A 57 year old man was referred to us with multiple long-standing, recurring and refractory mouth ulcers involving the palate, the intermaxillary folds, the inner side of the cheeks, the frenum of the tongue, a tonsil, the pharynx, the gums and a lower lip. Multiple biopsies had excluded a lymphoma, a carcinoma and infection. A new biopsy showed a polymorphous granuloma with up to 40% of atypical lymphoid cells. No angiitis was present, but an angiocentric pattern was present in the granuloma. The atypical cells stained positively with OKT3 and OKT4 antisera. The patient also had cardiac rhythm disturbances with defects on the myocardial scan and a proteinuria.

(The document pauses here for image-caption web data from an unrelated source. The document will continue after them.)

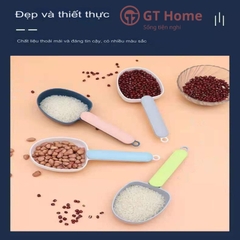 Muỗng đong gạo, xúc gạo có kẹp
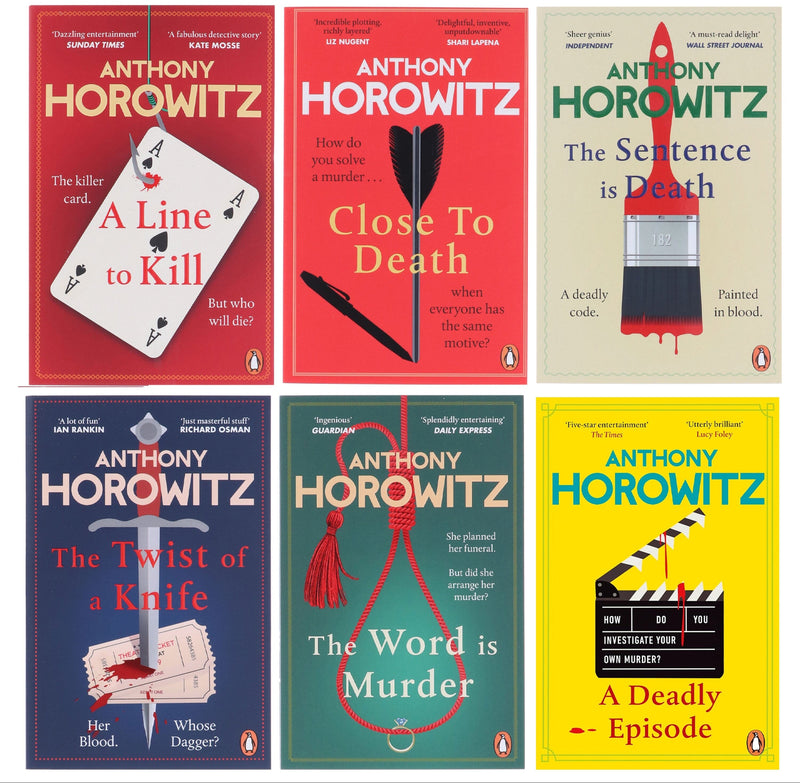 Hawthorne and Horowitz Mysteries Series by Anthony Horowitz 6 Books Collection Set - Fiction - Paperback Fiction Penguin Random House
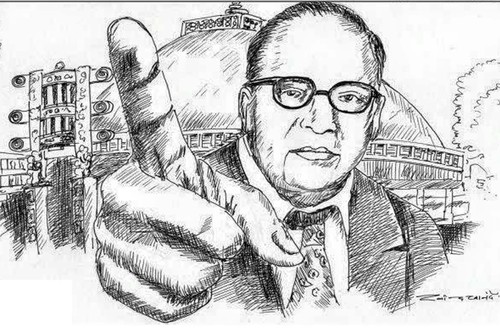 Cartoon: babasaheb ambedkar (medium) by ravindra khanande tagged ram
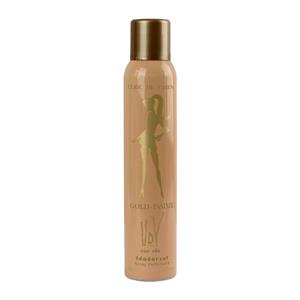 اسپری دئودورانت زنانه یو دی وی مدل گلد ایزیم حجم 200 میلی لیتر
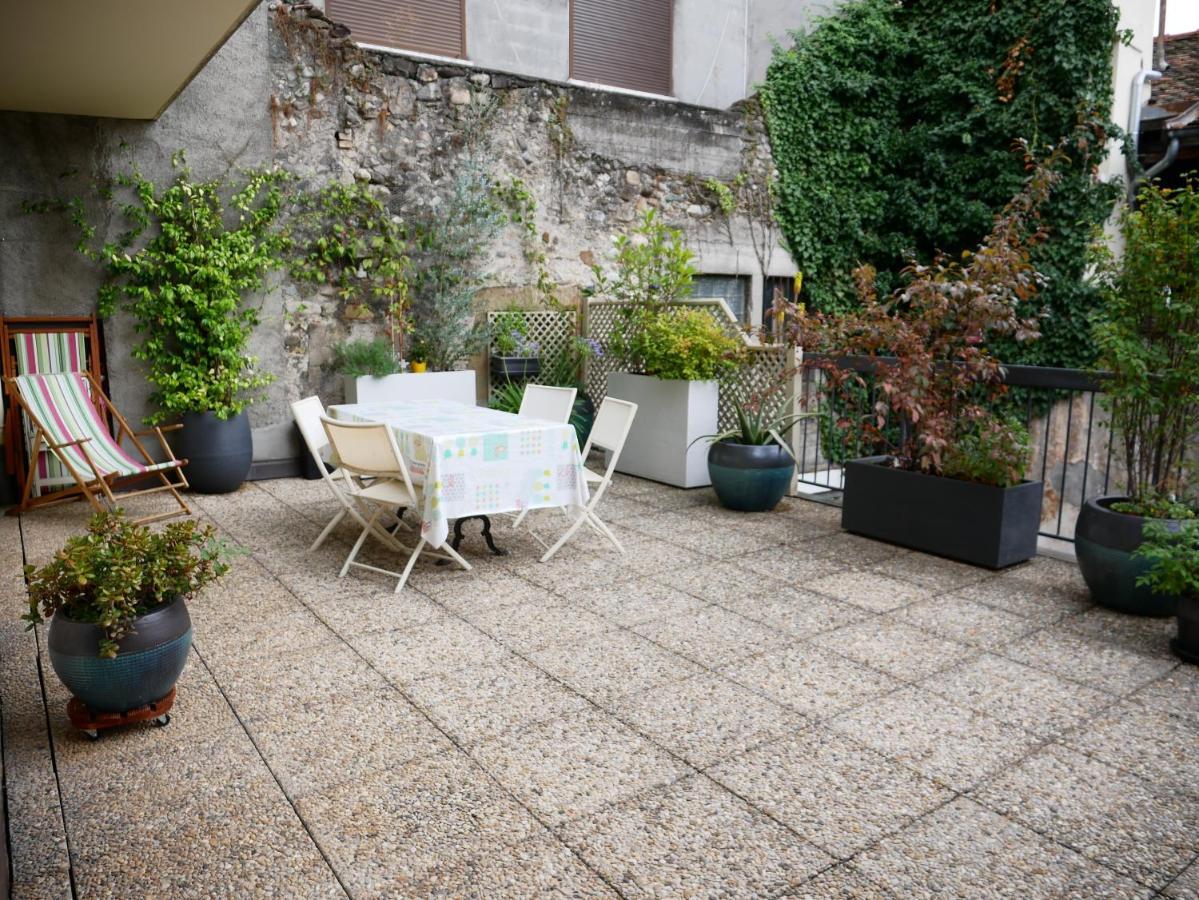 Superbe Appartement En Centre Ville Avec Terrasse Тонон-ле-Бен Экстерьер фото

Thus, we suspected the diagnosis of lymphomatoid granulomatosis, although there were no pulmonary nodules. Cyclophosphamide and prednisone were given with immediate success. As the doses were gradually decreased, a small relapse occurred. It was controlled by increasing the cyclophosphamide dosage for six months. The patient is now in complete remission more than four years after having discontinued the treatment. Thus, lymphomatoid granulomatosis can be diagnosed on the basis of a biopsy of buccal ulcers and in the absence of the classical pulmonary nodules. We found no evidence that the atypical cells were lymphomatous; rather, the very good response to the treatment points to a curable granulomatosis.